[Records for this task — start]

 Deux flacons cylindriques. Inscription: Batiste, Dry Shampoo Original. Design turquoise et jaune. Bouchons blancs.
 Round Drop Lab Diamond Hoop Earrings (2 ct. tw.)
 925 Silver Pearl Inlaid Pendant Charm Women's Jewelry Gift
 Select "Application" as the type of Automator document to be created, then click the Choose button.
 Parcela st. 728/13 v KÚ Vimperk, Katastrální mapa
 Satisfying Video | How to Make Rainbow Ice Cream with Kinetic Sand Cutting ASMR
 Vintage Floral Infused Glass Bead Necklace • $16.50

[Records for this task — finish]
[Records for this task — start]

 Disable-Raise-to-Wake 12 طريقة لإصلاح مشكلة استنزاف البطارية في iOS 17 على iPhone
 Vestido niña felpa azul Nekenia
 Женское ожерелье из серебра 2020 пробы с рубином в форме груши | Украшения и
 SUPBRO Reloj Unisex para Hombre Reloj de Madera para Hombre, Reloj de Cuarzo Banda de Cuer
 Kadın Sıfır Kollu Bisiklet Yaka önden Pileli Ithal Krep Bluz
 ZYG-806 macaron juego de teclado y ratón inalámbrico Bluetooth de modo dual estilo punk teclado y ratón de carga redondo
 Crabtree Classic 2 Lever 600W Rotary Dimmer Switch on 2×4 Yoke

[Records for this task — finish]
[Records for this task — start]

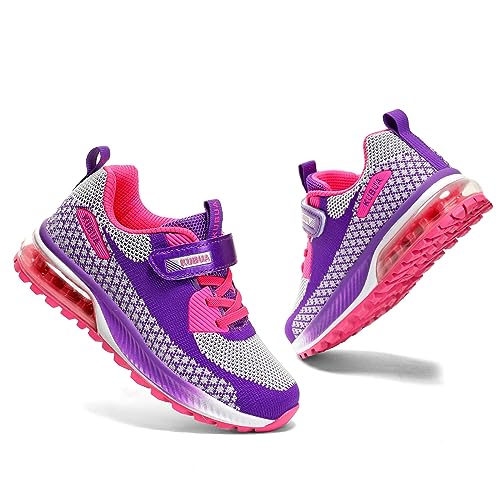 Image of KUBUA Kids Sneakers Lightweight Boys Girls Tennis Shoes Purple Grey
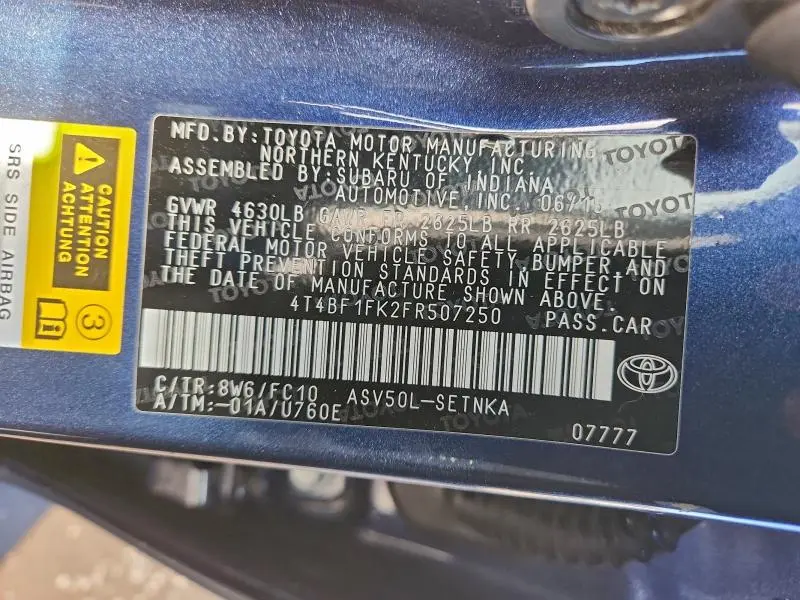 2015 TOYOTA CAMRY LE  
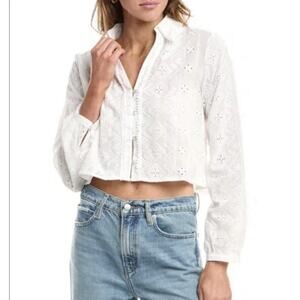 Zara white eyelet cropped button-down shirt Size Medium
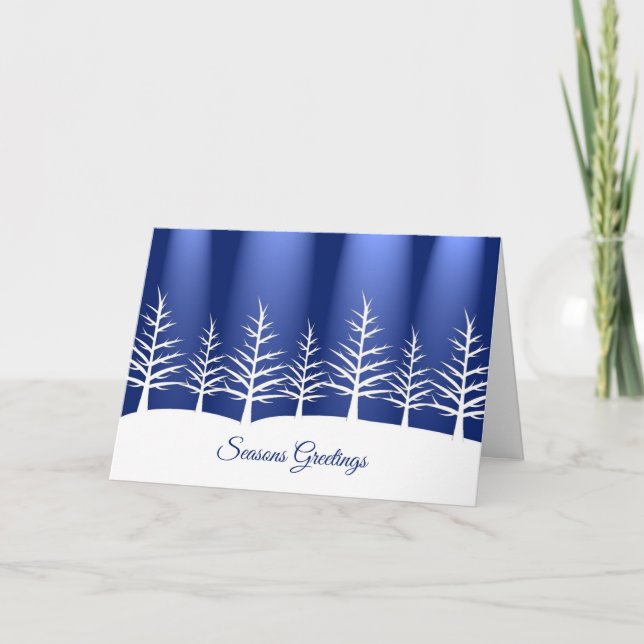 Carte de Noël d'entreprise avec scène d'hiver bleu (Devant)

[Records for this task — finish]

● **Description of the task**: Out of the material above, output word for word the line with "Deux flacons cylindriques.", the line with "Vintage Floral Infused", and all lines between them, with nothing else.

● **Answer box**:
 Deux flacons cylindriques. Inscription: Batiste, Dry Shampoo Original. Design turquoise et jaune. Bouchons blancs.
 Round Drop Lab Diamond Hoop Earrings (2 ct. tw.)
 925 Silver Pearl Inlaid Pendant Charm Women's Jewelry Gift
 Select "Application" as the type of Automator document to be created, then click the Choose button.
 Parcela st. 728/13 v KÚ Vimperk, Katastrální mapa
 Satisfying Video | How to Make Rainbow Ice Cream with Kinetic Sand Cutting ASMR
 Vintage Floral Infused Glass Bead Necklace • $16.50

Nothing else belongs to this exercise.